En complément, l’existence de groupes de développeurs d’applications mobiles peut s’analyser comme un pendant non violent de la prise de parole dans l’espace public par certains groupes d’intérêt. Certes, ces différents types de mobilisations ne s’apparentent aucunement (ou très peu) à une lutte de classes, au sens marxiste, si l’on devrait poursuivre l’analyse selon les positions d’Alain Touraine. Elles relèvent plutôt de phénomènes décrits par certains auteurs comme étant des « conflits de localisation » (Marchetti 2005), des « conflits de proximité » (Sénécal 2005) ou plus prosaïquement sous la dénomination de « syndrôme NIMBY » (Marchetti 2005; Shemtov 2003) même s’il semble peu productif de les y réduire. Les conflits de localisation sont par ailleurs un type spécifique de conflits urbains (Trudelle 2003, 227; Klein, Fontan et Tremblay 2011). Afin de porter l’analyse au-delà de l’idée conflictuelle de la localisation ou même du rejet systématique de la proximité avec les réseaux physiques, les mobilisations apparaissent comme une piste à explorer pour confirmer soit les théories existantes (mais élaborées dans des contextes généralement américains et européens) ou apporter de manière empirique de nouveaux éléments d’intérêt. Adams (1996) affirme d’ailleurs dans le résumé de l’un de ses travaux ayant eu pour terrains la Chine, les Philippines et les États-Unis, que :

Telecommunications do not simply rearrange information and ideas in space, they also alter the balance of power in social struggles. Although it supports centralization of power and capital, subordinated groups can achieve certain goals by exploiting the existing telecommunication infrastructure. This tactic is geographical in that it refuses to accept the territorial boundaries fundamental to established systems of domination. Protest is therefore a politics of scale. (Adams 1996, 419)

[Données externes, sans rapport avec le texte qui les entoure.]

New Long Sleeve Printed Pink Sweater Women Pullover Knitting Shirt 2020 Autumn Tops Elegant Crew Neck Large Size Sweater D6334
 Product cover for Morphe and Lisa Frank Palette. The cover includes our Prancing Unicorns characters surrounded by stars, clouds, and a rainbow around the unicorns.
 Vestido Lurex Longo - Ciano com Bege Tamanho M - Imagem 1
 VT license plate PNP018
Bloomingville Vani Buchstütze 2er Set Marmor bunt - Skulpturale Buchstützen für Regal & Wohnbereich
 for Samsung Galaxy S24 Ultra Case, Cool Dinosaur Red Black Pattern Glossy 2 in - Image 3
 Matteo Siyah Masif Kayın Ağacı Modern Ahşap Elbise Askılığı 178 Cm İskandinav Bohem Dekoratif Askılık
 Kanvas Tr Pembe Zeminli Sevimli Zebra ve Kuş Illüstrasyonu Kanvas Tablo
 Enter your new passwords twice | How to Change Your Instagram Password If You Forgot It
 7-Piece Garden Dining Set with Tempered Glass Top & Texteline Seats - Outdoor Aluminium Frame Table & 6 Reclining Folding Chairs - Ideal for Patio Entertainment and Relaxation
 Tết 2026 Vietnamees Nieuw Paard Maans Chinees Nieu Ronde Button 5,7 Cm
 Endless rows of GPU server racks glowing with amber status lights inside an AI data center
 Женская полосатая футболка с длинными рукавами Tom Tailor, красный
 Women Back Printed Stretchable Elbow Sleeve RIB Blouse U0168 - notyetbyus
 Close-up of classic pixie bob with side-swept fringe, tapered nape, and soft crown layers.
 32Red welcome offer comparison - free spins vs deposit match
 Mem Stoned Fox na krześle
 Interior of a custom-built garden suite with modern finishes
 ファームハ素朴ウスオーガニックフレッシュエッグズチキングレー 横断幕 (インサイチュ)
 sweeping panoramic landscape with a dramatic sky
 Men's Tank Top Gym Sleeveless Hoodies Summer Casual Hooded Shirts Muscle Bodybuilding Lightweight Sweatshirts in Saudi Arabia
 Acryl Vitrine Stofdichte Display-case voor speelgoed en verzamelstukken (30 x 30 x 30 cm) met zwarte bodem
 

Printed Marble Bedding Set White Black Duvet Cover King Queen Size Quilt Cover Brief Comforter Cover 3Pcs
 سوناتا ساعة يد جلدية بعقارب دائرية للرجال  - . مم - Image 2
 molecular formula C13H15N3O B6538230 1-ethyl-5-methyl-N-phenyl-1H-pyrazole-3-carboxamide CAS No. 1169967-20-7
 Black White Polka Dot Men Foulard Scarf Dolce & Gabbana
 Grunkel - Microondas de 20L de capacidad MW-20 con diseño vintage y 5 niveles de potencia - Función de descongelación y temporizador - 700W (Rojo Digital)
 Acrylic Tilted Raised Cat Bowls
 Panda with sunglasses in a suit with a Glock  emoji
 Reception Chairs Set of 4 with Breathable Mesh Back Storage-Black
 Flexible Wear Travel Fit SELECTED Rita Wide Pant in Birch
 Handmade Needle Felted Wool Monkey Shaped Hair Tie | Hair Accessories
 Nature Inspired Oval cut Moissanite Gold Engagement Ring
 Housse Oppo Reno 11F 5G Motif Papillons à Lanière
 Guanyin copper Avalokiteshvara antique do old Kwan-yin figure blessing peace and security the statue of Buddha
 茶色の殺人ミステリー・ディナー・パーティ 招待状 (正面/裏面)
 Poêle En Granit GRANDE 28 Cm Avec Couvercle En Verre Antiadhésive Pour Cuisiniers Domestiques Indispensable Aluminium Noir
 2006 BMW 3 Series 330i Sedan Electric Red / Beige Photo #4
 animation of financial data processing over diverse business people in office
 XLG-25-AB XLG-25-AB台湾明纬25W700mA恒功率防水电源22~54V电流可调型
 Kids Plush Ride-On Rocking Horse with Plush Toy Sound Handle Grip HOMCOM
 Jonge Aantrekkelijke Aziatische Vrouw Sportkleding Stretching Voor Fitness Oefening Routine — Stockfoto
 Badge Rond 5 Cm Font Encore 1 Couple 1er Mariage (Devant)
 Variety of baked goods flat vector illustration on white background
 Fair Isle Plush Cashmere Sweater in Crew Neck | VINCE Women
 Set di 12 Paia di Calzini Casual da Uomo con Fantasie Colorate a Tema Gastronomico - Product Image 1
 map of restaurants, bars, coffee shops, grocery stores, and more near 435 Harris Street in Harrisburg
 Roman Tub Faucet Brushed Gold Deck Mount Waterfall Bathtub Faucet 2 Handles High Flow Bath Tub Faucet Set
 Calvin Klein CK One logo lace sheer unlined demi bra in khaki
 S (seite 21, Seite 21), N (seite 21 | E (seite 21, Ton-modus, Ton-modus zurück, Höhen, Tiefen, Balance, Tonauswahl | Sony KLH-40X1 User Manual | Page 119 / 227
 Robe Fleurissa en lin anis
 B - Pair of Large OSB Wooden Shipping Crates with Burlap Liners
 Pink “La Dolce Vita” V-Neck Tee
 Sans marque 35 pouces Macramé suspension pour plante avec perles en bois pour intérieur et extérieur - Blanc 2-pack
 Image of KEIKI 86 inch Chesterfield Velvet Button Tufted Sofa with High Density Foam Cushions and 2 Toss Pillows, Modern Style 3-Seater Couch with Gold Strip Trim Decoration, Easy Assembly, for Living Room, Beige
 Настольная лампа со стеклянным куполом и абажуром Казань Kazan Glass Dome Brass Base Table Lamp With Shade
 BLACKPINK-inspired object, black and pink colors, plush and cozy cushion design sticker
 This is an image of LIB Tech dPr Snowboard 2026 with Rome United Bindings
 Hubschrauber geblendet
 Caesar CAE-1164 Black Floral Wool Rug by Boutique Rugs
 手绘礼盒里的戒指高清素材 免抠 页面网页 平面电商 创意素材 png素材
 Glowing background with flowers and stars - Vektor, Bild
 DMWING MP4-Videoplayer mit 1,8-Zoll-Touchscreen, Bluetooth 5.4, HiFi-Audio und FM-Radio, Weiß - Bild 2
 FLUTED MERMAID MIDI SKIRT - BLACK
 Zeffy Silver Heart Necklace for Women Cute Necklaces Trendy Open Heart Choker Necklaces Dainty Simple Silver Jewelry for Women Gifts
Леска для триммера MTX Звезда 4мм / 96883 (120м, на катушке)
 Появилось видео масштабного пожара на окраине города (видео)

Dans le cadre de cette thèse, en nous inspirant de Hudon et Poirier (2011, 113) et en tenant compte des conflits de localisation dans le secteur des télécommunications, nous entendons par mobilisations, les formes protestataires empruntées par différents acteurs organisés durablement ou ponctuellement pour provoquer un changement ou s’opposer à un changement physique de l’espace au motif de la prévention et de la protection du citoyen, du consommateur ou plus simplement de l’habitant, ou encore revendiquant une amélioration qualitative des services de télécommunications. En conséquence, ces mobilisations sont analysées d'un point

de vue qualitatif et symbolique, plutôt que quantitatif. Leur pertinence s'observe par rapport aux régimes discursifs empruntés par les diverses parties prenantes en interactions pour leur donner naissance, les entretenir et possiblement les régler.